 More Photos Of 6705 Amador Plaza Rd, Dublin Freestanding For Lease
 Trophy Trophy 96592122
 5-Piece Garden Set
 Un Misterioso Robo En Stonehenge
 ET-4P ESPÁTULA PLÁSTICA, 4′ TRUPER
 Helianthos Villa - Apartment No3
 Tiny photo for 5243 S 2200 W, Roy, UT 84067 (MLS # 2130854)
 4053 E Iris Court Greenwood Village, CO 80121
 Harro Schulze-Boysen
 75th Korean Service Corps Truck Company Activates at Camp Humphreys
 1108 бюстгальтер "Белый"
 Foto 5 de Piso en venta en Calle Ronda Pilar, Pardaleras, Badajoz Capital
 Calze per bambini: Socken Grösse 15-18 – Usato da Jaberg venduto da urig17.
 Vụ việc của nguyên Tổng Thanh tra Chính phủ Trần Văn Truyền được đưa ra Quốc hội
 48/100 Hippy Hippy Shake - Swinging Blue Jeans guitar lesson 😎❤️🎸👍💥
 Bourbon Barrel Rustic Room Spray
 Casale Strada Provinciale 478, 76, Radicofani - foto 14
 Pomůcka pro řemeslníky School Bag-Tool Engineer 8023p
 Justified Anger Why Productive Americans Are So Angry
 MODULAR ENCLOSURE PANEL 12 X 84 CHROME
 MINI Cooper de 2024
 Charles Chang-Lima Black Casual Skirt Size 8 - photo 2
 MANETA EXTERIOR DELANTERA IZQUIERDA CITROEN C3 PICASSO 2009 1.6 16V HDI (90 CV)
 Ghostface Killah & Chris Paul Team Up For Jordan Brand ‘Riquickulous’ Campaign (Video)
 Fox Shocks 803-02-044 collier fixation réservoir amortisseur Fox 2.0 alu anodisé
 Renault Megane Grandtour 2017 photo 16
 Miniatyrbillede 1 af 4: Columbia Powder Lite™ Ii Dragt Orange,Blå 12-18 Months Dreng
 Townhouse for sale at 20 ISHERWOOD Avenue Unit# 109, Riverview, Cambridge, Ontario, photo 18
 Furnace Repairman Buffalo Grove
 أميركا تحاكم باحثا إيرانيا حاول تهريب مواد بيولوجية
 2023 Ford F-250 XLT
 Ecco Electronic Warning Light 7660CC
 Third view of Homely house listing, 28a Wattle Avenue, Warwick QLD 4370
########################################
Your output must contain exactly the lines from the one containing "Miniatyrbillede 1 af" to the final line of the data above, and no other text.

 Miniatyrbillede 1 af 4: Columbia Powder Lite™ Ii Dragt Orange,Blå 12-18 Months Dreng
 Townhouse for sale at 20 ISHERWOOD Avenue Unit# 109, Riverview, Cambridge, Ontario, photo 18
 Furnace Repairman Buffalo Grove
 أميركا تحاكم باحثا إيرانيا حاول تهريب مواد بيولوجية
 2023 Ford F-250 XLT
 Ecco Electronic Warning Light 7660CC
 Third view of Homely house listing, 28a Wattle Avenue, Warwick QLD 4370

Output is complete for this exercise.